Data lost when exceed batch size. #111

wycwyx · 2020-05-21T09:44:20Z

Describe the bug
Data lost when the number of rows is exceed batch size.

To Reproduce

set "replica_batch_size :10000" in configure file.
insert 18000 rows in the source database.
chameleon will replica only 10000, and 8000 rows lost.

After debuged the code(v2.0.12 or master), I found the code snippet in mysql_lib. py.
code :
`

1194 if close_batch:
1195 my_stream.close()
1196 return [master_data, close_batch]

`
According the code, the rows in group_insert will not to be stored.

I changed them to
`

1194 if close_batch:
1195 break

`

Then result was right.

the4thdoctor · 2020-07-25T06:58:37Z

I wasn't able to reproduce the bug as the rows you mentioned seems already ok.
I've just merged some changes in master/ver2.0. Can you try again please?

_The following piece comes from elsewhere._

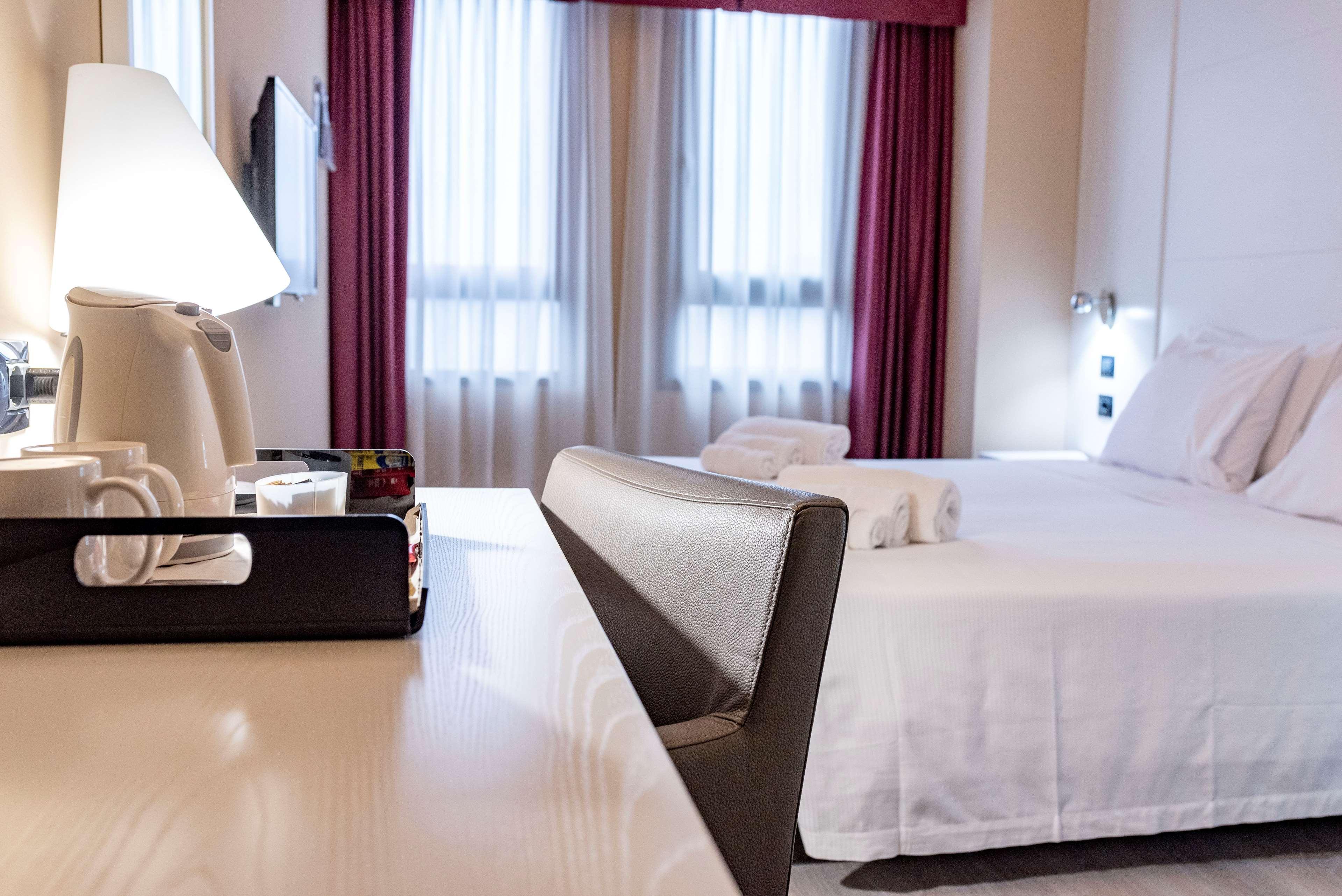 Best Western Hotel Quattrotorri เปรูจา ภายนอก รูปภาพ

wycwyx · 2020-08-14T03:38:12Z

In current version (tag v2.0.14)
The line 1266&1267, should be a single code: break.
And let the code block begin with line 1375 running, which will write the batch remaining in variable group_insert.
If not , according current 1266&1267, variable group_insert will not be written.
When function __read_replica_stream be called next , variable group_insert will be assign to empty array in line 1144.

rascalDan · 2021-03-24T10:35:31Z

I'm trying to avoid saying "me too", because I'm struggling to understand the scope of the problem we're witnessing. It appears to be the case that "some" rows in one table "sometimes" aren't updated when the source rows are. The batch sizes in question are far far lower then our max batch size (10000 in config, actual tends to be less than 200) We haven't been able identify the criteria for failure as yet, and are not entirely sure it's limited to one table (that wouldn't make sense, but it does have a large amount of text in it, so that might issue some how). I am actively looking into the problem now we speak and hope to have more concrete information later today.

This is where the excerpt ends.